Pie 'N Burger a Purely Californian Experience
If it's Tuesday, it must be time for another review from Nick Solares. Nick is also the publisher of Beef Aficionado, his blog that explores beef beyond burgerdom.

Pie 'N Burger
913 East California Boulevard, Pasadena CA 91106 (b/n South Lake Ave and South Mentor Ave; map); 626-795-1123; pienburger.com
The Short Order:Classic So Cal-style griddle-cooked burgers replete with Thousand Island dressing. While there is nothing unique about the recipe, the execution is unmatched. It's the author's favorite example of the breed
Want Fries with That? Absolutely—they're golden, crispy and delicious
Price: hamburger $6.25; cheeseburger $6.75
Notes: Open Mon.-Fri., 6 a.m. to 10 p.m.; Sat., 7 a.m. to 10 p.m.; Sun., 7 a.m. to 9 p.m.

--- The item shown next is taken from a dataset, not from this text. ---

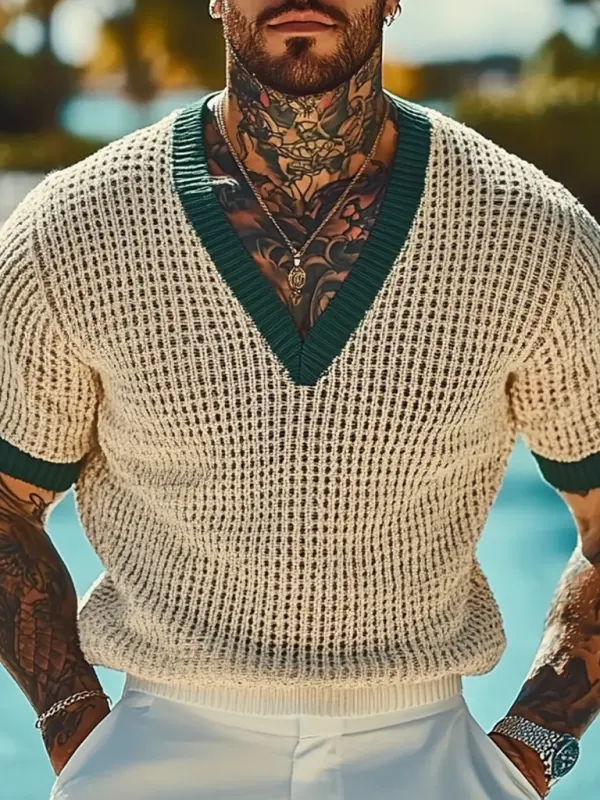 Men's Holiday Crochet Knitted V-neck Short Sleeve Sweater T-Shirt - Menbarn.com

Last week I reported on the venerable Apple Pan restaurant and its justifiably hyped burger offerings. An equally compelling burger—albeit with far less star power (you probably won't see Jack Nicholson or any other celebrity dining here)&madsh;can be found in Pasadena at the decades-old Pie 'N Burger. I have to thank George Motz for featuring Pie 'N Burger in his book Hamburger America. I would have definitely made it to the Apple Pan irrespective of his book, as it is world famous, but a hidden gem like Pie 'N Burger would have likely slipped under the radar, overshadowed by L.A.'s more celebrated burger joints but for Motz's coverage. And what a shame that would have been, for Pie 'N Burger provided me with one of the seminal burger experiences of my life.

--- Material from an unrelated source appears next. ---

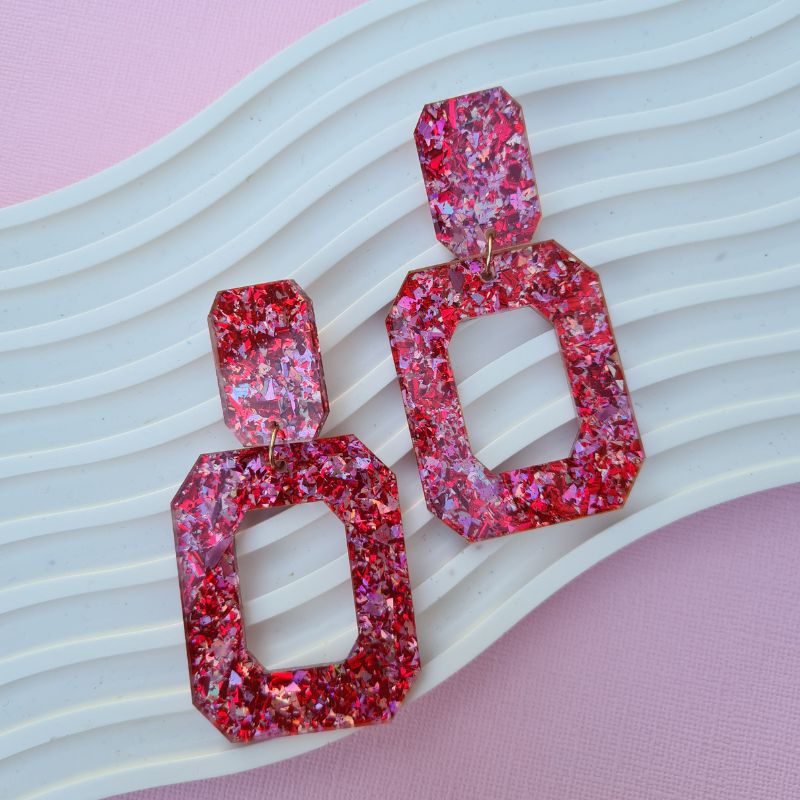 Romi Statement Acrylic Earrings in Love Glitter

While the Apple Pan benefited from its proximity to the Hollywood movie studios and has served everyone from Clark Gable to Barbara Streisand, Pie 'N Burger has thrived on the back of a different constituency: local college students from USC and Caltech, as well as legions of those salt of the earth-type working people that you only hear about during primary elections.